[Stored data]
——

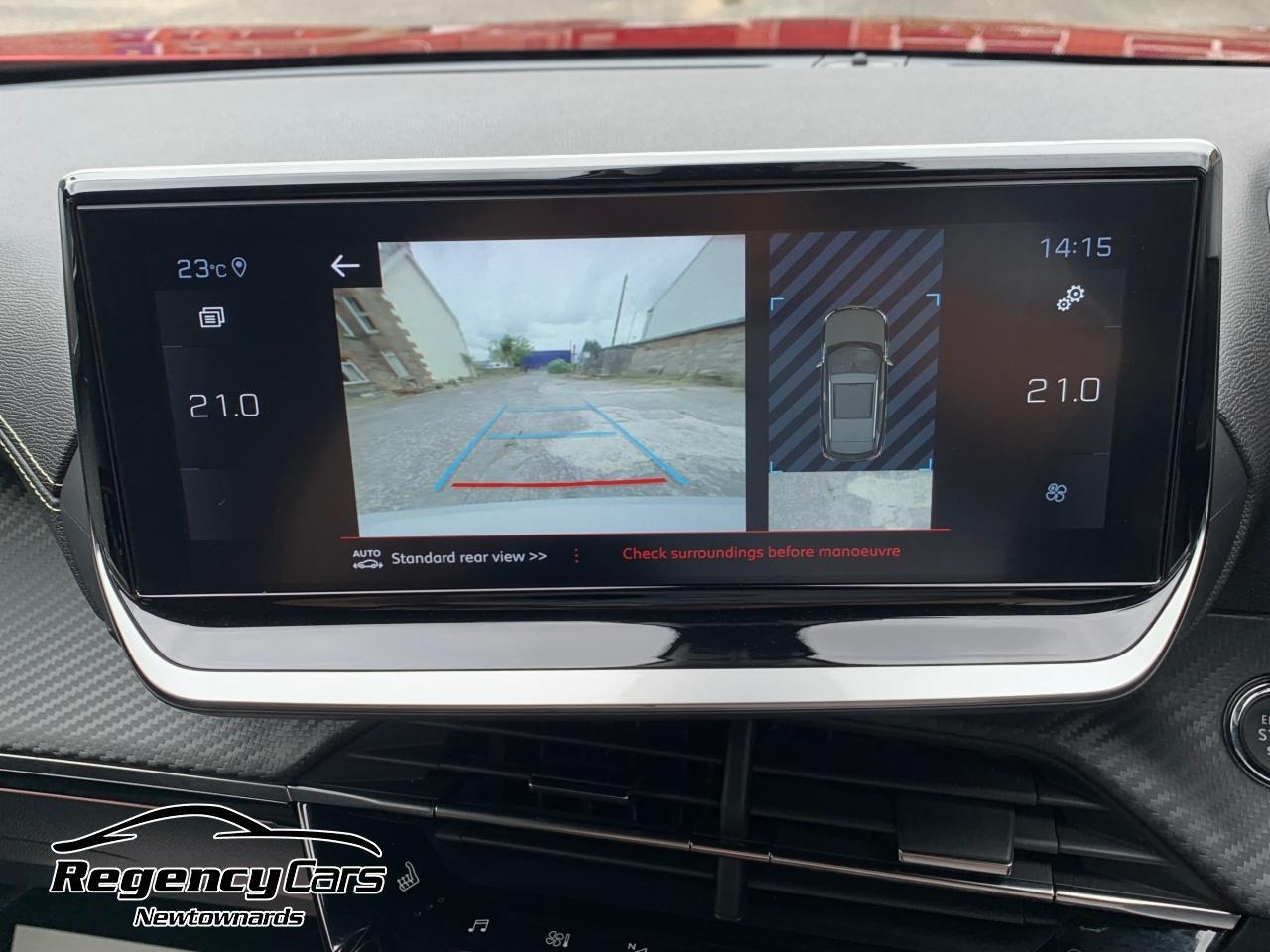 Peugeot 2008 view 33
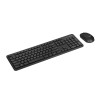 Asus CW100 KEYBOARD+MOUSE/BK/EST/104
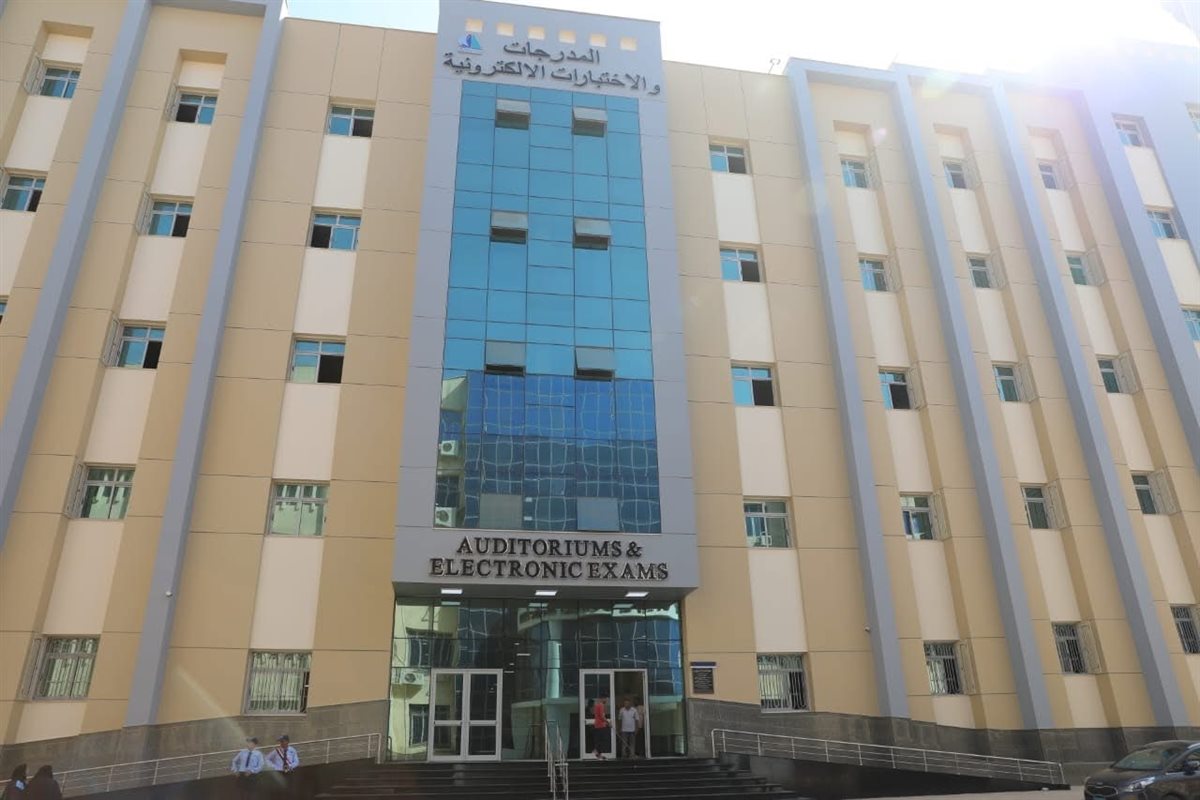 افتتاح مشروعات تعليمية وصحية بجامعة كفر الشيخ بـ4.3 مليار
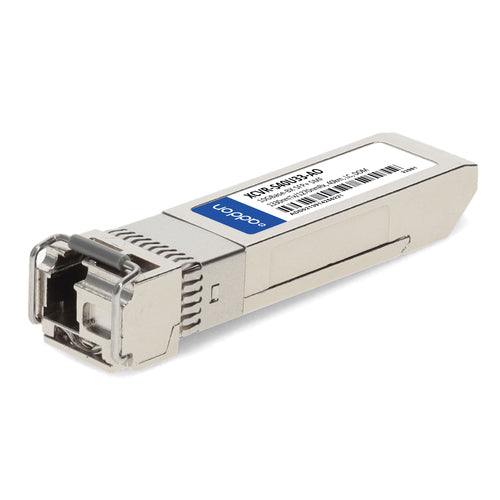 AddOn Networks XCVR-S40U33-AO network transceiver module
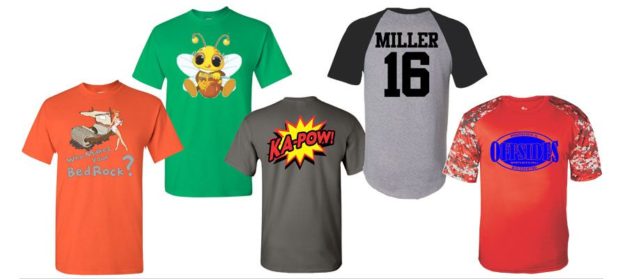 Digital Heat Transfers & Vinyl Graphics in Woodstock, IL by R & S ...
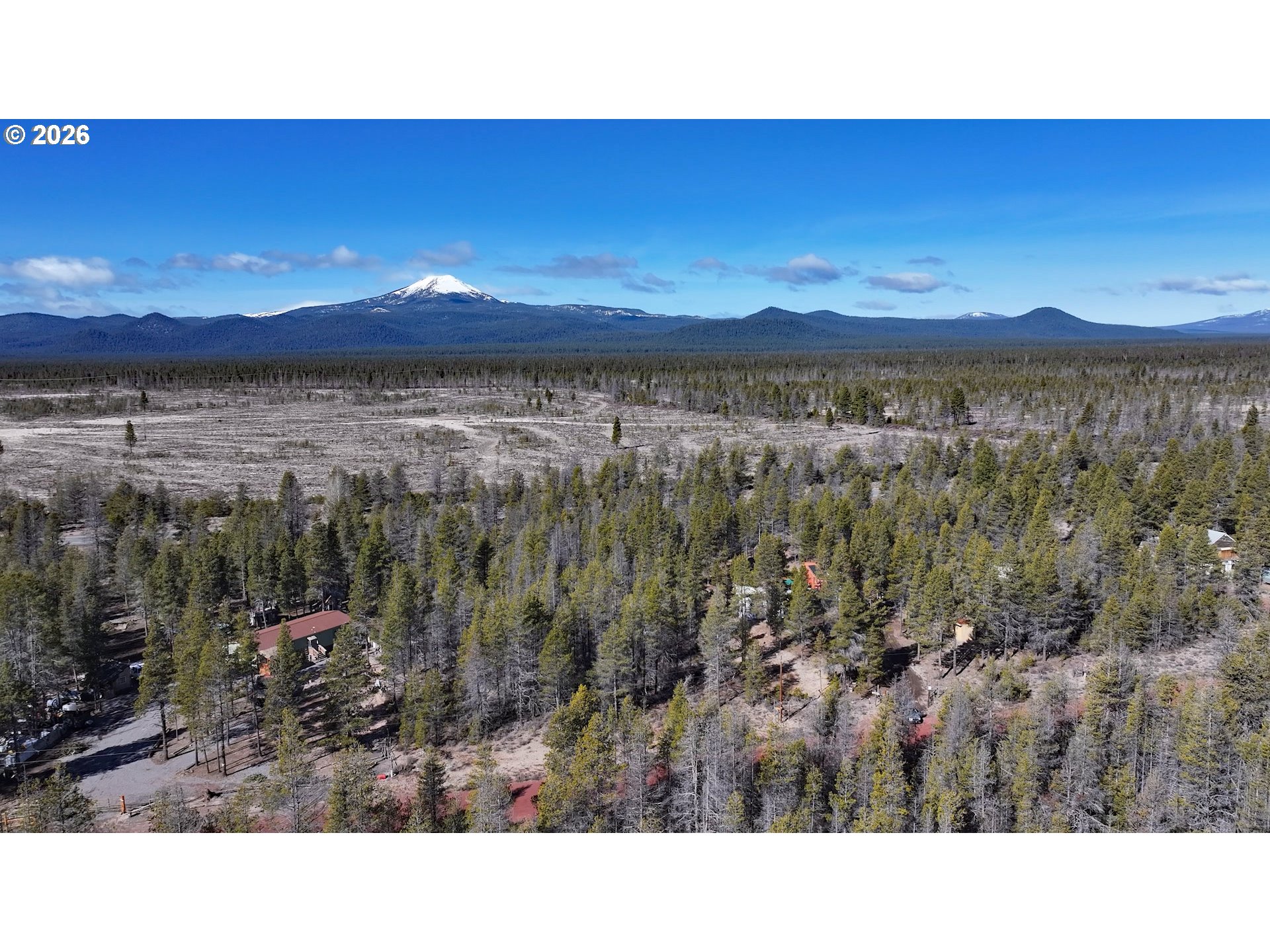 Scott View Drive, Unit 11 Chiloquin, OR 97624 - Photo 8 of 37 a open area with a city view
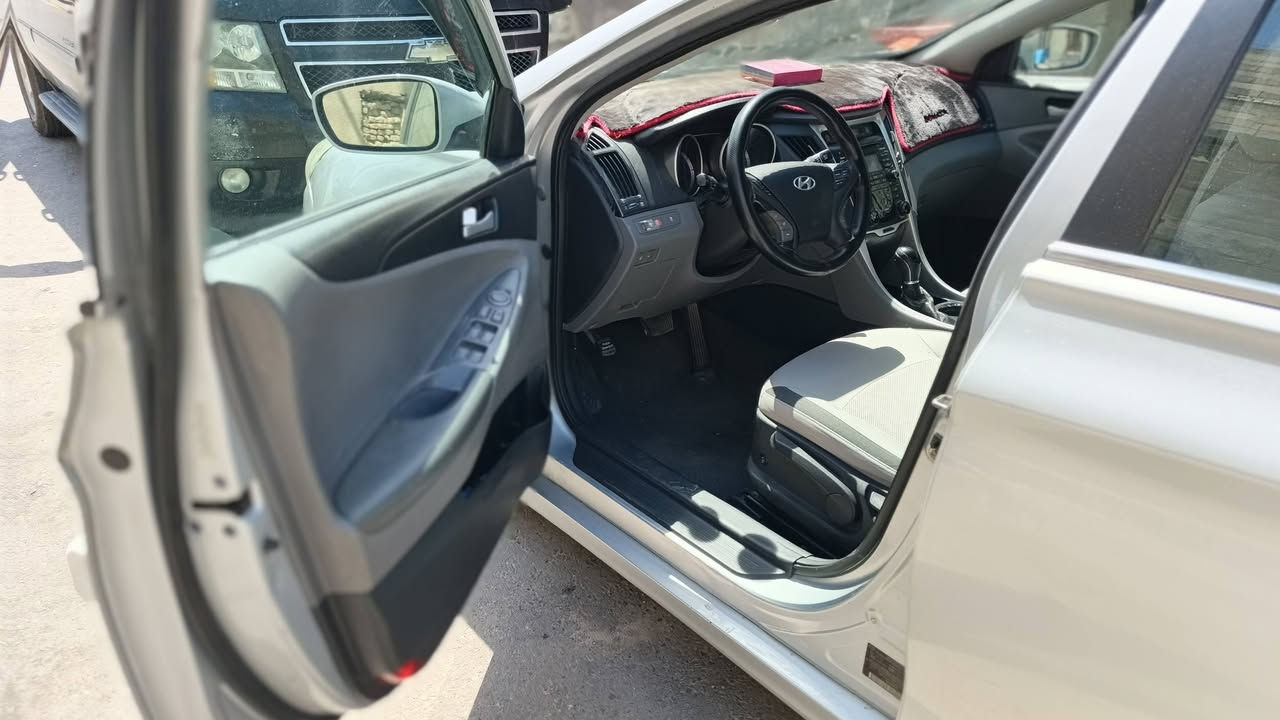 سوناتا كصه جنه ادوات ادوات
السياره جاهزه نقص حداده فقط للبيع السعر 48 او مراوس العنوان بصره ***********
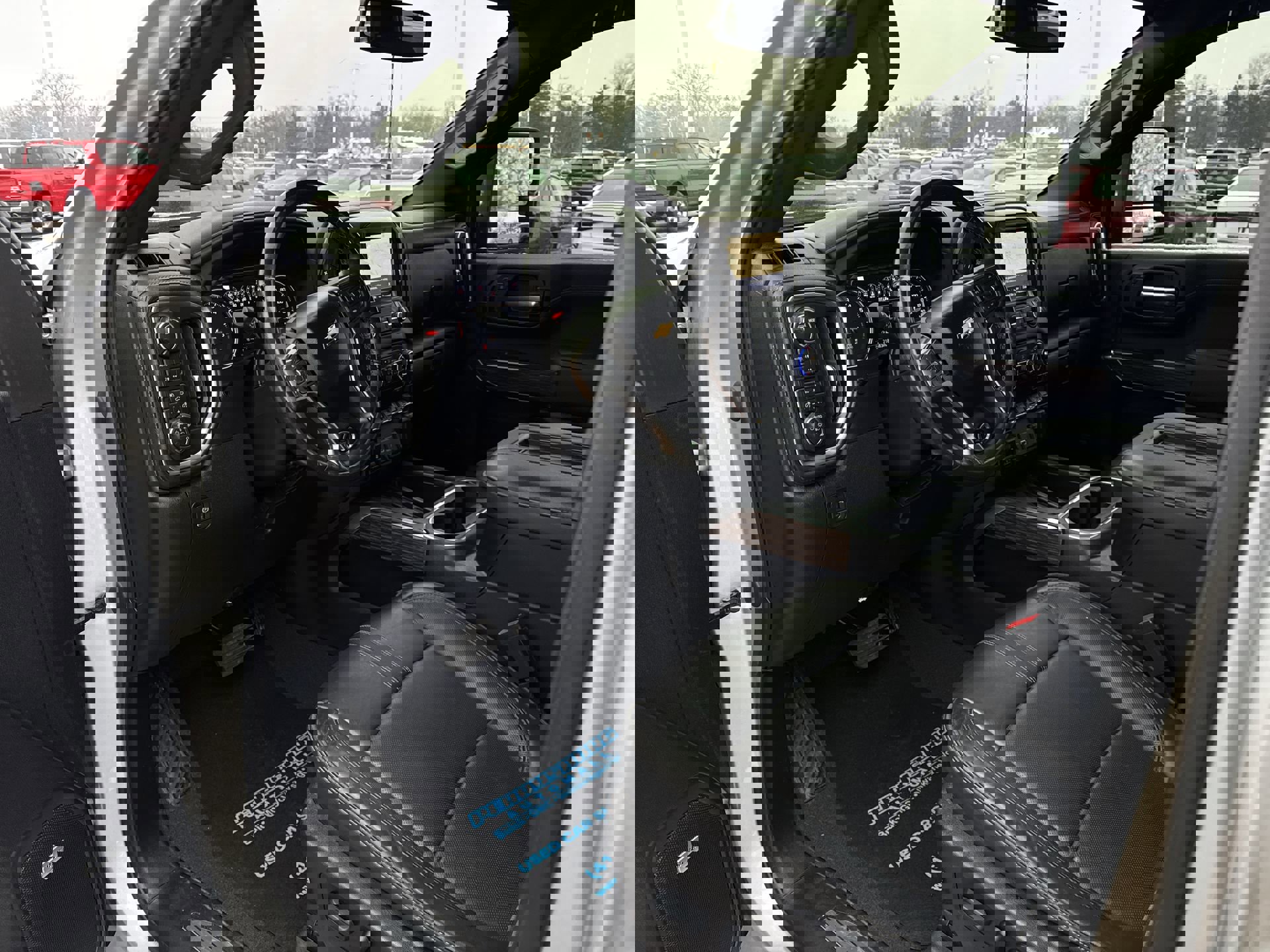 Certified 2022 Chevrolet Silverado 2500 High Country w/ Z71 Off-Road Package image 10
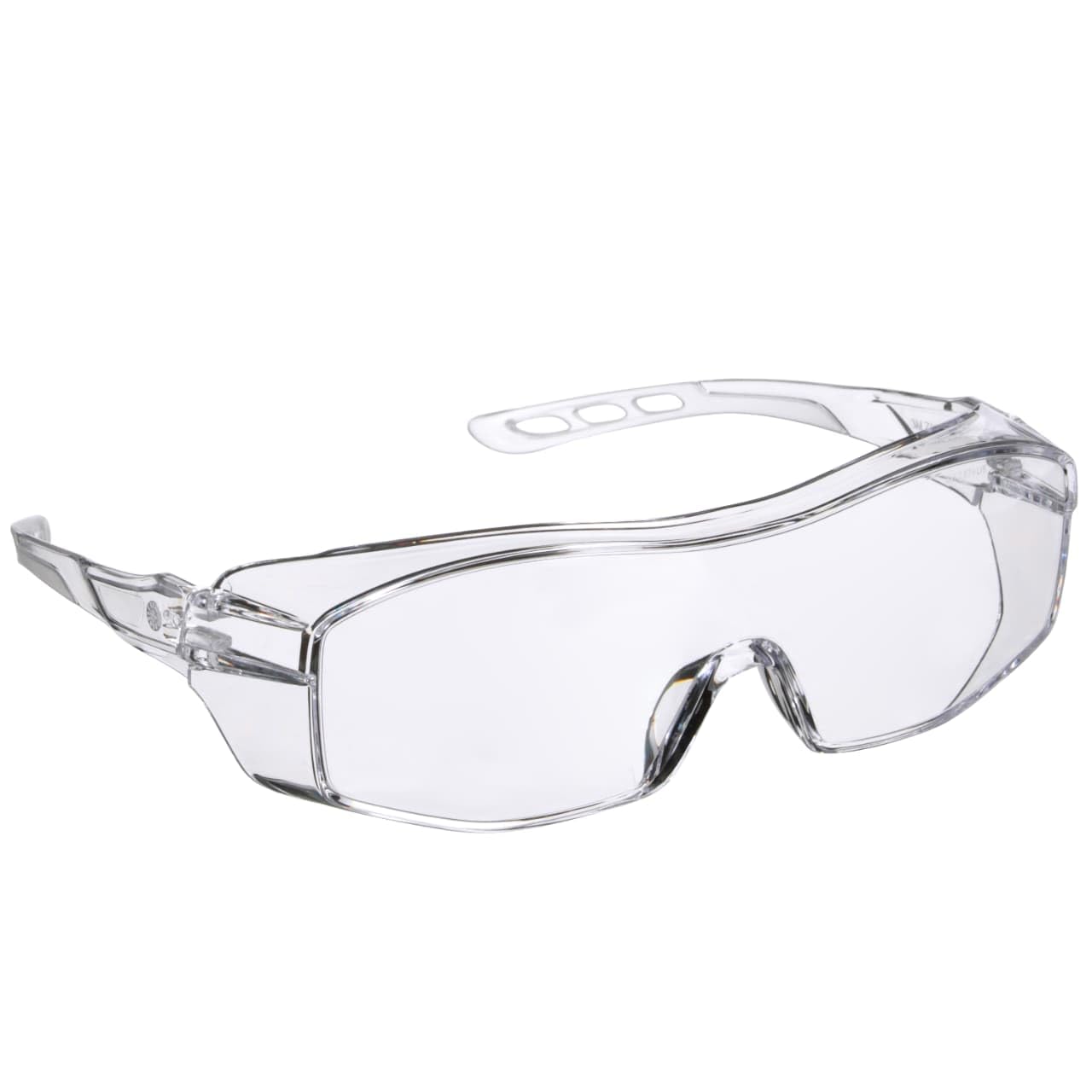 3M™ Eyeglass Protectors Anti-Scratch, 47031H1-DC, Clear, Clear Lens, 6/case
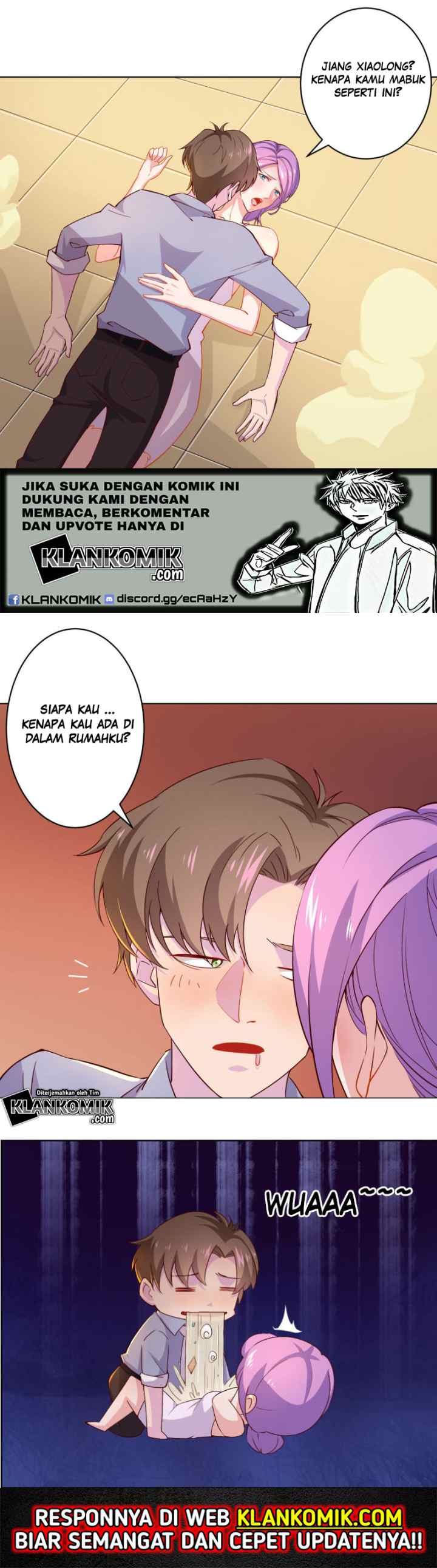 Beautiful Boss Cold-Hearted chapter 14 halaman 12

——

- Exercise instructions: Copy all the entries word for word. Omit any pictures.

- Answer for this exercise:
 Peugeot 2008 view 33
 Asus CW100 KEYBOARD+MOUSE/BK/EST/104
 افتتاح مشروعات تعليمية وصحية بجامعة كفر الشيخ بـ4.3 مليار
 AddOn Networks XCVR-S40U33-AO network transceiver module
 Digital Heat Transfers & Vinyl Graphics in Woodstock, IL by R & S ...
 Scott View Drive, Unit 11 Chiloquin, OR 97624 - Photo 8 of 37 a open area with a city view
 سوناتا كصه جنه ادوات ادوات
السياره جاهزه نقص حداده فقط للبيع السعر 48 او مراوس العنوان بصره ***********
 Certified 2022 Chevrolet Silverado 2500 High Country w/ Z71 Off-Road Package image 10
 3M™ Eyeglass Protectors Anti-Scratch, 47031H1-DC, Clear, Clear Lens, 6/case
 Beautiful Boss Cold-Hearted chapter 14 halaman 12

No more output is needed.